Last December, the Law Lords ruled by eight to one that it is unlawful for the British authorities to detain indefinitely foreign terrorist suspects whom they are unable to deport to their countries of origin for fear they would then suffer ‘human rights’ violations.
That judgement may yet come back to haunt their Lordships should, as the Security Services warn, Westminster be a prime target for an Islamist dirty bomb. Alas, if it does, they will not be the only ones whose safety their judgment will have imperilled.
The Law Lords gave two grounds for their ruling. First, they judged, indefinite detention of foreign terror suspects discriminatory, since UK nationals suspected of terrorism enjoyed legal protection from indefinite detention without trial. Second, they judged such indefinite detention without trial to violate the right to freedom of all placed under it irrespective of their nationality.
The early Christmas present the Lord Lords gave to Charles Clarke on his first day as Home Secretary left him the unenviable task of deciding how to reconcile that ruling with his responsibility to safeguard national security in the face of the continuing threat from Islamist terrorism.
Yesterday, the Home Secretary unveiled his ‘solution’. He is to introduce emergency legislation that will replace indefinite detention without trial for foreign terror suspects unable to be deported or tried in court with ‘control orders’. These orders will effectively place their recipients under indefinite house-arrest and will be able to be given to UK citizens as well as foreigners suspected of plotting terror.
Under the proposed new legislation, the Home Secretary will be empowered to place these orders if the police or security services give him reasonable cause, which cannot be revealed in court, to believe anyone a national security risk, be they British or foreign.
Civil liberties groups remain unsatisfied by the proposed new control orders. They claim them equally in breach of the article of the European Convention on Human Rights forbidding indefinite detention without trial. To them, it is small comfort the Home Secretary has avoided being discriminatory in locking up without trial whomever he chooses by extending that risk to UK nationals as well as foreigners.
Many less enthusaistic than these organisations about the often spurious ‘human rights’ claimed today might well prefer to risk falling foul of arbitrary detention than risking becoming victim of some Islamist terror bomb. Those with such a preference might also have preferred had the Home Secretary extended indefinite detention without trial to British terror suspects as well as foreign ones, where the relevant evidence could not be revealed in court, to attempting to restrain both by ‘control orders’.

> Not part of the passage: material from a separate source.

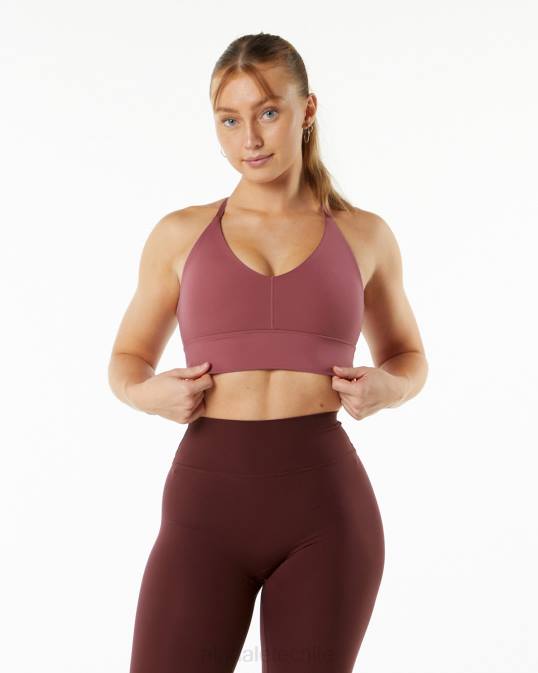 sujetador maravilla alphalux mujer Alphalete 08R8138 ropa glicina roja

Control orders are unlikely to prove any more effective against genuine terrorists than ASBO’s have proved in restraining juvenile delinquents given them. In its ‘Public Agenda’ supplement this week, The Times reports that the Association of Youth Offending Team Managers has found ‘in some areas of England every ASBO is breached and that one breach in eight leads to custody”.
Should ‘control orders’ be as ineffective a constraint as ASBO’s, then all the Lord Lords will have accomplished by delivering their ruling -- besides triumphantly displaying their newly granted authority over Parliament which, for all its flaws, remains, for the time being, elected -- is to make us have to rest less easily in our beds … or on the tube, going to and from Westminster.
Comments (3)
This is a model example of what I meant by reality dissolving. The perception of terrorists as equally comparable to others requires the content of their respective beliefs, or their motives, to be abstracted and the decision about how to treat them made by comparing the empty abstractions which then stand for human beings. By removing human nature the abstract theorist can make what he thinks are fair comparison. In fact they are unfair because innocent people are then put on a level with wicked ones. It is a consequence of the explosion of abstractions since the French Revolution.
Posted by David Hamilton | January 31, 2005 2:00 PM
Posted on January 31, 2005 14:00
It's a flaw in our system that forbids us to deport terror suspects to their countries of origin in the first place.
The fact that they may find themselves in serious straits with their homelands is no concern of ours. By making it our responsibility to protect them from the (possibly) unpleasant attentions of their own security forces - attention they may well have earned through their own actions - we have put ourselves in our current dilemma.
We will, of course, still be blamed should their countries of origin behave ruthlessly with them but since we're wrong whatever we do better we be wrong and protect ourselves than be wrong on an indefinite basis.
Posted by Two Sixes | January 28, 2005 1:18 PM
Posted on January 28, 2005 13:18
Many less enthusiastic than these organisations about the often spurious ‘human rights’ claimed today might well prefer to risk falling foul of arbitrary detention than risking becoming victim of some Islamist terror bomb.
What's that old maxim about liberty, safety, sacrificing, and certain people deserving neither?